How Goldman Sachs Created 'Shitty' CDOs, Sold Them To AIG, Forced AIG Into Bankruptcy, Got A $20 Billion Bailout, Paid Themselves Billions In Bonuses, And Watched As Tim Geithner Covered It All Up

And Paulson was CEO at the time and knew all about it.  More truth about lack of Fed transparency.  This is not entirely new if you've been following the work we've published from Janet Tavakoli, who is quoted extensively in the article below.  Still, it underscores some of the more arcane points and delves into new territory with discussion of CDO substitutions.  Easy to follow summary piece from Bloomberg's Richard Teitelbaum.

Here's what you need to take from this: Goldman put together cworthless CDO's, bought credit default swap protection from AIG, pushed AIG into bankruptcy by making claims on the insurance, and then got paid -- not by AIG -- but by the taxpayer.

And the guy who tried to cover it up? Barack Obama chose him to be Treasury Secretary.

 

--

(Reprinted with persmission from Bloomberg)

By Richard Teitelbaum

(Bloomberg) -- When a congressional panel convened a hearing on the government rescue of American International Group Inc. in January, the public scolding of Treasury Secretary Timothy F. Geithner got the most attention.

Lawmakers said the former head of the New York Federal Reserve Bank had presided over a backdoor bailout of Wall Street firms and a coverup.  Geithner countered that he had acted properly to avert the collapse of the financial system.

A potentially more important development slipped by with less notice, Bloomberg Markets reports in its April issue. Representative Darrell Issa, the ranking Republican on the House Committee on Oversight and Government Reform, placed into the hearing record a five-page document itemizing the mortgage securities on which banks such as Goldman Sachs Group Inc. and Societe Generale SA had bought $62.1 billion in credit-default swaps from AIG.

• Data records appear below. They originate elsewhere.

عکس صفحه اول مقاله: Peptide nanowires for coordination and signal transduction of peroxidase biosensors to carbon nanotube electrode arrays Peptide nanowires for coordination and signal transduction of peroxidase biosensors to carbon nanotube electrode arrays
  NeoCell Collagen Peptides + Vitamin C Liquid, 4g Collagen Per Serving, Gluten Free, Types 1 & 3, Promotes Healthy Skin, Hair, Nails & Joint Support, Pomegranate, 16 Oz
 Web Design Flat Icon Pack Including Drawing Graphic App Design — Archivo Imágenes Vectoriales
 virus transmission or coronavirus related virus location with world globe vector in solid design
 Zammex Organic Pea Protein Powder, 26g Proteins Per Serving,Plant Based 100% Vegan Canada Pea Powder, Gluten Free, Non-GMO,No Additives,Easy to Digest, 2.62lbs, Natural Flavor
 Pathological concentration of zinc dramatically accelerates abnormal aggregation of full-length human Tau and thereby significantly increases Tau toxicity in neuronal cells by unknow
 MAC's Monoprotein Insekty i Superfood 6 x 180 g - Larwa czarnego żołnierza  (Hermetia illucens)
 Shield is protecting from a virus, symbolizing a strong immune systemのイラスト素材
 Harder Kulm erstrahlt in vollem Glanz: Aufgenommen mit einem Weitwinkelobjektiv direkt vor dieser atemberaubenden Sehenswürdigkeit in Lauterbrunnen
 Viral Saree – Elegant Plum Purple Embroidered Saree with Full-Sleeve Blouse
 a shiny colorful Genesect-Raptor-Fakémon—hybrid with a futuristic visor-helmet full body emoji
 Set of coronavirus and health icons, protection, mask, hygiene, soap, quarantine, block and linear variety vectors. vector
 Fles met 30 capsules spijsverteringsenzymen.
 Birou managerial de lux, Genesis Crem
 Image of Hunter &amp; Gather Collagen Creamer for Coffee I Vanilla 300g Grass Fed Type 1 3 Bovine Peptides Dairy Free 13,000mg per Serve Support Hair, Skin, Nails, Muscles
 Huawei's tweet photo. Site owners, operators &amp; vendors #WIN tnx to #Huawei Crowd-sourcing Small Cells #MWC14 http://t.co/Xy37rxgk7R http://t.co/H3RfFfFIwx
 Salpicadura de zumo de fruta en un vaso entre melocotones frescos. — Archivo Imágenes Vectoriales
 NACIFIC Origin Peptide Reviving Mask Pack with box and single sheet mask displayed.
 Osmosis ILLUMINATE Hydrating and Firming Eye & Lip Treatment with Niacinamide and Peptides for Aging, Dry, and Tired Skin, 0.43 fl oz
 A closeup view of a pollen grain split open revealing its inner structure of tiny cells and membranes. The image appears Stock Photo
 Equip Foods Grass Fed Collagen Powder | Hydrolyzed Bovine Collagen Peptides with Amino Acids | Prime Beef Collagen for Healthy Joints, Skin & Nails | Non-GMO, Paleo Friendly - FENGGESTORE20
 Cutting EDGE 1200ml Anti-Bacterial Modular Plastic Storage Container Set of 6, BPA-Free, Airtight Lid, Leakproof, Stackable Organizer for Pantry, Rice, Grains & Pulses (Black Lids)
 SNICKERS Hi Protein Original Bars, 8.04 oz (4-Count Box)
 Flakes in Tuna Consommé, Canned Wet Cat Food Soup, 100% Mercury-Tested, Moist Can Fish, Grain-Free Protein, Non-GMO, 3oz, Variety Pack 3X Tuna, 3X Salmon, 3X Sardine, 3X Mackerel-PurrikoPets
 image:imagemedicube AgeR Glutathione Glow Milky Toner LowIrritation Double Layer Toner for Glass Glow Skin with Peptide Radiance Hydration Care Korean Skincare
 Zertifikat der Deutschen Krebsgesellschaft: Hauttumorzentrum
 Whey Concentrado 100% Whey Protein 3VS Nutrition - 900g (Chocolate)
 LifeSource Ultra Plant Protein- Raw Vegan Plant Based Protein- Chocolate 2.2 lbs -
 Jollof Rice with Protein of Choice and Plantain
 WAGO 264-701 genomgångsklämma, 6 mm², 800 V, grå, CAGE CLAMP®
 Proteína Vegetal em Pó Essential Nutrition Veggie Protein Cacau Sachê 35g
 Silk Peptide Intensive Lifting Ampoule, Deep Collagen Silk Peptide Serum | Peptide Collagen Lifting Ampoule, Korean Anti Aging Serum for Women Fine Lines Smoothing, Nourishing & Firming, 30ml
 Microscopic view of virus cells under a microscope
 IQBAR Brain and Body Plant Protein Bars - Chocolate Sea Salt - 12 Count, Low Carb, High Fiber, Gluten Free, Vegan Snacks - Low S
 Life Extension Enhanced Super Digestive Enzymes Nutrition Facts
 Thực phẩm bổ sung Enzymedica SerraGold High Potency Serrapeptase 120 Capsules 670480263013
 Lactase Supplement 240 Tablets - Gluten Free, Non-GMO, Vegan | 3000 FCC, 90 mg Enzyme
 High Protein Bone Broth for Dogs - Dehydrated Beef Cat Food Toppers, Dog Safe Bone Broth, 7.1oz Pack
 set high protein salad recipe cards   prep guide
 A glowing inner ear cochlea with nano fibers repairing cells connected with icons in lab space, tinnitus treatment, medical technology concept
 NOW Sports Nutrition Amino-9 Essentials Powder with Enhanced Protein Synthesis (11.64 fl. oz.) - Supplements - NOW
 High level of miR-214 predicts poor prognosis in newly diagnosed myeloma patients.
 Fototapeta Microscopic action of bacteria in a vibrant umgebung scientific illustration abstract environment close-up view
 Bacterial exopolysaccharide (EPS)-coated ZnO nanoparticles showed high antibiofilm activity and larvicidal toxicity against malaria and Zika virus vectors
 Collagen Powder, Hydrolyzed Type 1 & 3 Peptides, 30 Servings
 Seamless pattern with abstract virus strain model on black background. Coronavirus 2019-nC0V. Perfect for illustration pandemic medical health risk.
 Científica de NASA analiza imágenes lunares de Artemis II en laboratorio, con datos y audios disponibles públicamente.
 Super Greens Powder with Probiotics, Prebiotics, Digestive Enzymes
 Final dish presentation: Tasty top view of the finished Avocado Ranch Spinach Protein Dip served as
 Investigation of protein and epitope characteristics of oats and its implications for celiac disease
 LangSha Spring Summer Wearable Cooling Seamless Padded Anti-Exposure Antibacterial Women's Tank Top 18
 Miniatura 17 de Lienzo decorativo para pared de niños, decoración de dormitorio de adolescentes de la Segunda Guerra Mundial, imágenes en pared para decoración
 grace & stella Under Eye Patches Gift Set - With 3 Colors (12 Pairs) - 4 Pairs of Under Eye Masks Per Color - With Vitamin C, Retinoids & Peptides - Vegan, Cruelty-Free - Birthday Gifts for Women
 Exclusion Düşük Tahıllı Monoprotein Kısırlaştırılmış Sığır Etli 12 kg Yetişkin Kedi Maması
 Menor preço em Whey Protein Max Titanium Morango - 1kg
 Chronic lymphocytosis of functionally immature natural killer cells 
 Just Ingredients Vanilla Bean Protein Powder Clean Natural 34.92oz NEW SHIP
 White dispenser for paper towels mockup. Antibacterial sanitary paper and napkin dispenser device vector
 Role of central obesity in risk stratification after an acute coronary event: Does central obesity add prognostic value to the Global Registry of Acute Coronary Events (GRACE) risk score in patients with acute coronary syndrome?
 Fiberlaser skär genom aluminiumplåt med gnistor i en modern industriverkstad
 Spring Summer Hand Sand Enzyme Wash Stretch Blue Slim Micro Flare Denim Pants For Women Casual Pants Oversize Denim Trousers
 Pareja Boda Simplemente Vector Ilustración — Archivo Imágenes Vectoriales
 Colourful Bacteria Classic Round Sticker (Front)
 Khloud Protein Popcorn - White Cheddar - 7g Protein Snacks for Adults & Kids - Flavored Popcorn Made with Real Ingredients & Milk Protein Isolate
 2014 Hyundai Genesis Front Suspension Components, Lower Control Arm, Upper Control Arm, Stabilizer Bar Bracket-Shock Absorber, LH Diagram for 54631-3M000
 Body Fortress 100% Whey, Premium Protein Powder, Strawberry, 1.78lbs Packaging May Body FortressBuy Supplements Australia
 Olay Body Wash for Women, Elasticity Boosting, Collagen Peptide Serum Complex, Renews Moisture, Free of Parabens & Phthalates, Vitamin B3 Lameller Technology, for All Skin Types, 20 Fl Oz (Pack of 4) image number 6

These were the deals that pushed the insurer to the brink of insolvency -- and were eventually paid in full at taxpayer expense.

  • The New York Fed, which secretly engineered the bailout, prevented the full publication of the document for more than a year, even when AIG wanted it released.

That lack of disclosure shows how the government has obstructed a proper accounting of what went wrong in the financial crisis, author and former investment banker William Cohan says. “This secrecy is one more example of how the whole bailout has been done in such a slithering manner,” says Cohan, who wrote “House of Cards” (Doubleday, 2009), about the unraveling of Bear Stearns Cos. “There’s been no accountability.”

CDOs Identified

The document Issa made public cuts to the heart of the controversy over the September 2008 AIG rescue by identifying specific securities, known as collateralized-debt obligations, that had been insured with the company. The banks holding the credit-default swaps, a type of derivative, collected collateral as the insurer was downgraded and the CDOs tumbled in value.

The public can now see for the first time how poorly the securities performed, with losses exceeding 75 percent of their notional value in some cases. Compounding this, the document and Bloomberg data demonstrate that the banks that bought the swaps from AIG are mostly the same firms that underwrote the CDOs in the first place.

The banks should have to explain how they managed to buy protection from AIG primarily on securities that fell so sharply in value, says Daniel Calacci, a former swaps trader and marketer who’s now a structured-finance consultant in Warren, New Jersey. In some cases, banks also owned mortgage lenders, and they should be challenged to explain whether they gained any insider knowledge about the quality of the loans bundled into the CDOs, he says.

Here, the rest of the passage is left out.